Exercise: Everything below from the line with "QUIES TAPPI AURIC SILIC 3PA" through the line with "Satılır 2 otaqlı" should be copied exactly, and nothing else; leave out the pictures.

Data supplied:
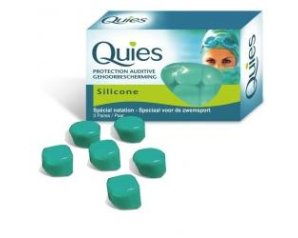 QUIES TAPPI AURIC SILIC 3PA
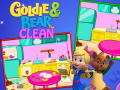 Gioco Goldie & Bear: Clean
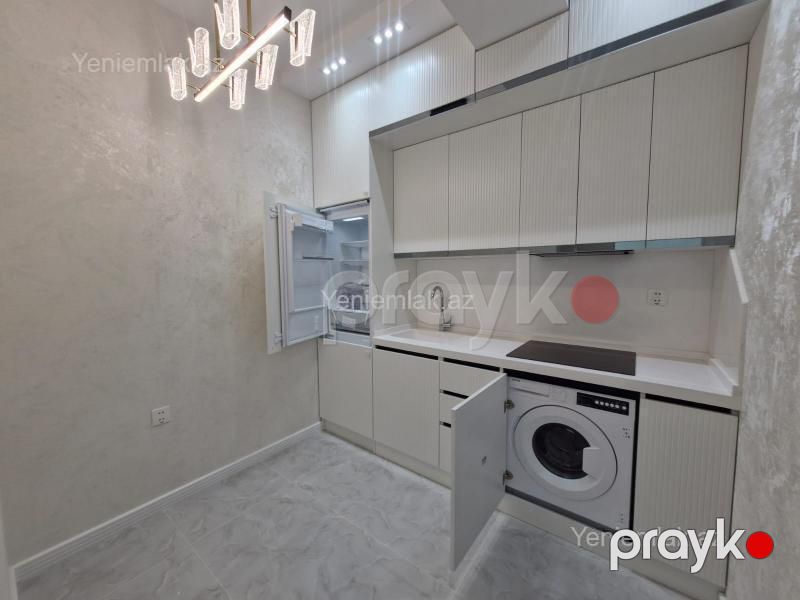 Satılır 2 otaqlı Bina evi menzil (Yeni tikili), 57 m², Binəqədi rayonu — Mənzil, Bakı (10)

...

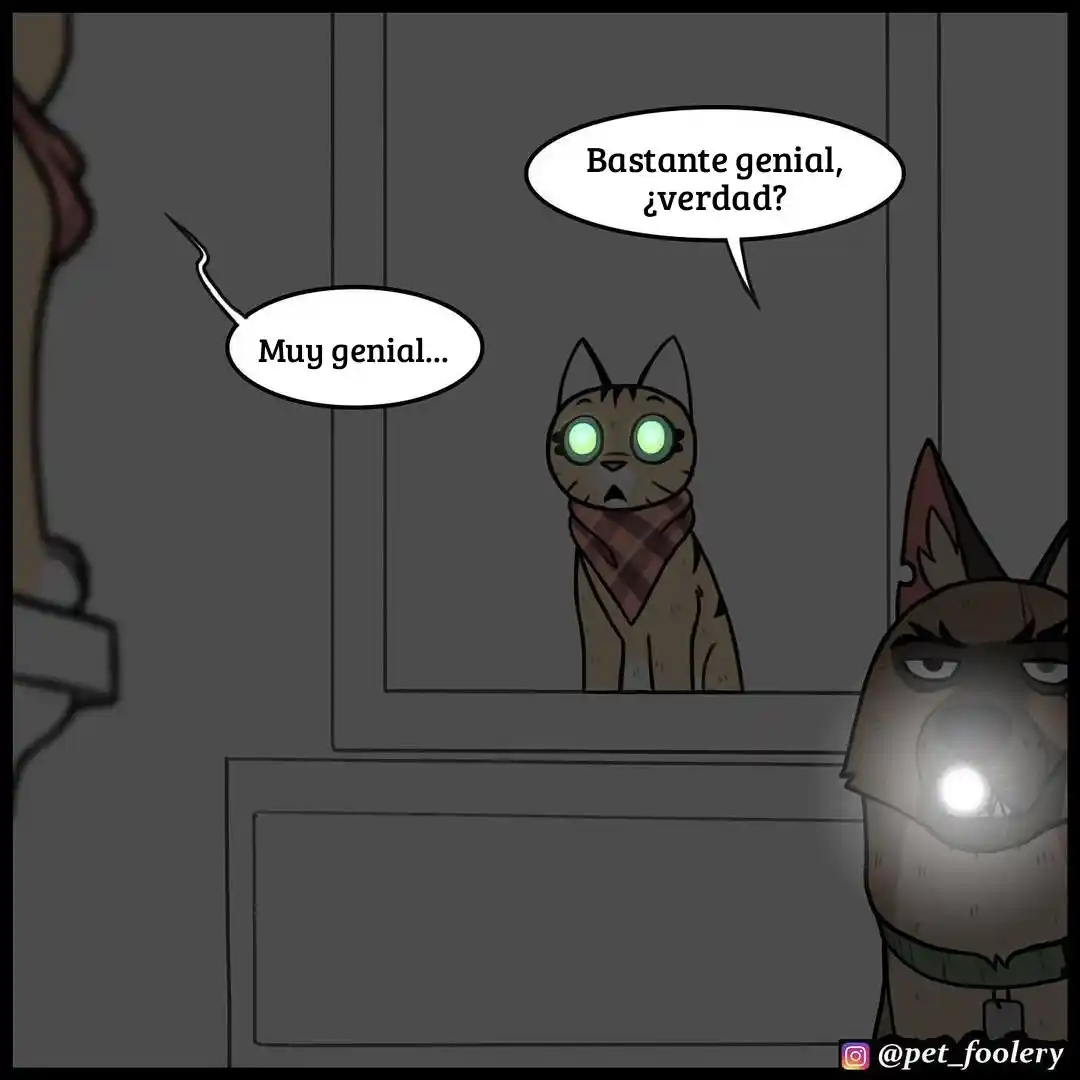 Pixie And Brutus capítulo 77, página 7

...

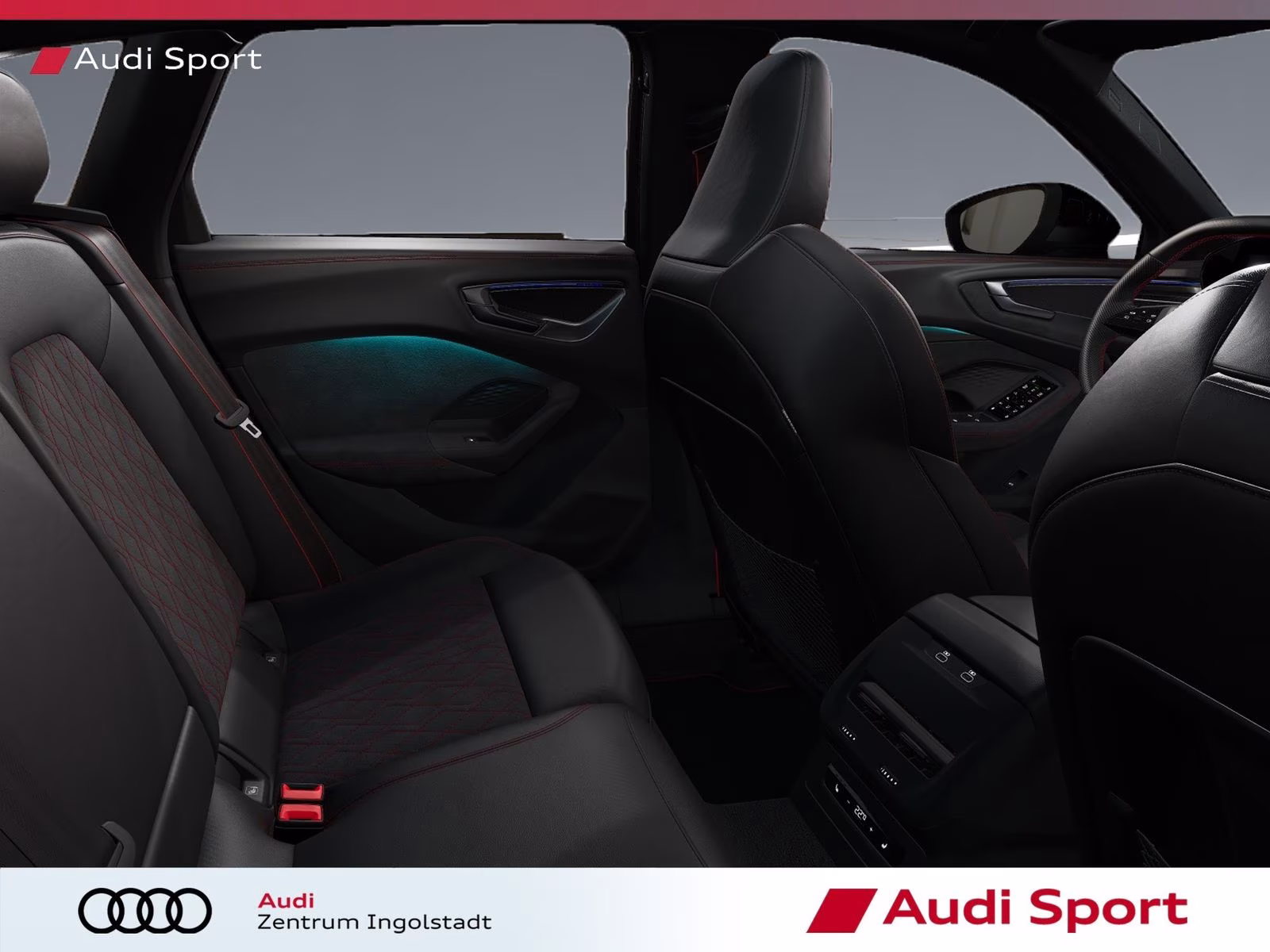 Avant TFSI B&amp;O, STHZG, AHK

Answer below:
 QUIES TAPPI AURIC SILIC 3PA
 Gioco Goldie & Bear: Clean
 Satılır 2 otaqlı Bina evi menzil (Yeni tikili), 57 m², Binəqədi rayonu — Mənzil, Bakı (10)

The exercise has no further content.